Abstract The thiopurine drugs azathioprine and 6-mercaptopurine (6-MP) are well-established in the treatment of inflammatory bowel disease (IBD). However, there is a wide inter- and intra-patient variation in the concentrations of active and toxic metabolites due to their complex metabolism and genetic polymorphisms in metabolizing enzymes. Serious drug toxicity leads to cessation of therapy in 9–25% of patients, and there is failure to achieve efficacy in approximately 15% of cases.

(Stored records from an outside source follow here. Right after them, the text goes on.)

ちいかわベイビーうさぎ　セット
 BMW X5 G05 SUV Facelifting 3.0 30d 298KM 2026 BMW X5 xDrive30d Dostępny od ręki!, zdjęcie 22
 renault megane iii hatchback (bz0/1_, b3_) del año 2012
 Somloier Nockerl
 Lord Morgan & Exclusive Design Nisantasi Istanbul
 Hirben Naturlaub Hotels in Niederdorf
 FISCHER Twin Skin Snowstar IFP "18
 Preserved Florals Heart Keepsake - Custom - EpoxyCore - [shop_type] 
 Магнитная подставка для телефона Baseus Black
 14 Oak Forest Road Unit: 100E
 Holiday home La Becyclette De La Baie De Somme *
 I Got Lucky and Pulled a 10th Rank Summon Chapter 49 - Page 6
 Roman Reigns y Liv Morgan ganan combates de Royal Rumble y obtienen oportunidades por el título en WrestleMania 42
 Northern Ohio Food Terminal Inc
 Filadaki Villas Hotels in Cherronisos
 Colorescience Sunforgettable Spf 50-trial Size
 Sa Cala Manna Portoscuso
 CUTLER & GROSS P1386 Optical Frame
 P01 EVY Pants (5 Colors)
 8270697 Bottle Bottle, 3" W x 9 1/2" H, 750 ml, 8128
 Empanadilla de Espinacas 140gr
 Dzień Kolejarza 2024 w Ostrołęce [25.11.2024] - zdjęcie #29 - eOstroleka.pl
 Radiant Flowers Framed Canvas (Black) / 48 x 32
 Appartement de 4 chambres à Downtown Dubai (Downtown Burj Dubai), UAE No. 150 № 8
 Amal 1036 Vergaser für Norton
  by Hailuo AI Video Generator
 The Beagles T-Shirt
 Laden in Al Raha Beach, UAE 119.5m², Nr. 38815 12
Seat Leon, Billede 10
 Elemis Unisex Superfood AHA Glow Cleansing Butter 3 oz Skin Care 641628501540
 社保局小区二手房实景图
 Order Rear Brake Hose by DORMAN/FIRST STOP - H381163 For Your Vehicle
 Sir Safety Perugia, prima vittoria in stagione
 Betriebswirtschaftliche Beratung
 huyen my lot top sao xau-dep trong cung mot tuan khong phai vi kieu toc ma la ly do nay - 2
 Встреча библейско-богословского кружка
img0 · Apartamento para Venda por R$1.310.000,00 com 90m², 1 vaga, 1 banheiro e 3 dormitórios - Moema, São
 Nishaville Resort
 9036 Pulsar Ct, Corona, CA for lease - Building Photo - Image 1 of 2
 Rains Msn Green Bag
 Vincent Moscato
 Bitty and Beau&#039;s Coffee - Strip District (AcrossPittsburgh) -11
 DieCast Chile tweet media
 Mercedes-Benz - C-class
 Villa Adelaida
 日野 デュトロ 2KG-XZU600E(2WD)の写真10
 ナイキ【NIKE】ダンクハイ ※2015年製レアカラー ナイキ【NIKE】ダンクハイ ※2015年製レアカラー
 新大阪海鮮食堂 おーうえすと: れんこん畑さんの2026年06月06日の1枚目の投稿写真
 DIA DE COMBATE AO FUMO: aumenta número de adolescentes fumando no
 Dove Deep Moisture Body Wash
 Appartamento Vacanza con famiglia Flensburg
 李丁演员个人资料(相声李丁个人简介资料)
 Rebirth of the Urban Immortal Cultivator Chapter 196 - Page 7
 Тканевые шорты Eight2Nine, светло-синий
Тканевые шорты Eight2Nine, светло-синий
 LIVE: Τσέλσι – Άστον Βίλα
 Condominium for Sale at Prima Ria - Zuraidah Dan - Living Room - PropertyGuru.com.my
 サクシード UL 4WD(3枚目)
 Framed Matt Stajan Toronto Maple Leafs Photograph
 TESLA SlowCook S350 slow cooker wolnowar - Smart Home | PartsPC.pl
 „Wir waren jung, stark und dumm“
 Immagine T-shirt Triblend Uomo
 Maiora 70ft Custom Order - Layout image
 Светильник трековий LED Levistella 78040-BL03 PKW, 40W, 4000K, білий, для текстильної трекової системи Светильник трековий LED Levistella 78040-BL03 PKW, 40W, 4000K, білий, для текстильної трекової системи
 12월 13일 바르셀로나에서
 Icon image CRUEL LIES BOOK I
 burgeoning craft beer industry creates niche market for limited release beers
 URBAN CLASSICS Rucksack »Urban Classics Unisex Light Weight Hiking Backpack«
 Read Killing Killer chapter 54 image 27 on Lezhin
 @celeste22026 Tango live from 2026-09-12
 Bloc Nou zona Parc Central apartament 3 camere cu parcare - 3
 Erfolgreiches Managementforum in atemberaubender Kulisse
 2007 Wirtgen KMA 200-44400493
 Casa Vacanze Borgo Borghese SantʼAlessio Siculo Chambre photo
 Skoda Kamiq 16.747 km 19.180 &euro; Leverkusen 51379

Advances in the understanding of thiopurine drug metabolism have led to new genetic and metabolite tests to help clinicians optimize thiopurine use. Thiopurine methyltransferase (TPMT) enzyme activity can predict life-threatening myelotoxicity in the one in 300 patients who are TPMT-deficient. However, myelotoxicity can also occur in the presence of normal TPMT activity so blood count monitoring should remain standard practice. TPMT testing may also aid in dose individualization. 6-Thioguanine nucleotides (6-TGN) are thought to be the predominant active metabolites of the thiopurines. 6-Thioguanine nucleotide concentration is correlated with bone marrow toxicity and may also correlate with efficacy in IBD. Measurement of 6-TGN and 6-methylmercaptopurine (6-MMP) concentration is most useful in determining why a patient is not responding to a standard dose of a thiopurine drug and may help in avoiding myelosuppression. The ratio of these metabolites can help distinguish non-compliance, under-dosing, thiopurine-resistant and thiopurine-refractory disease. Some of these investigations are entering routine clinical practice but more research is required to determine their optimal use in patients with IBD.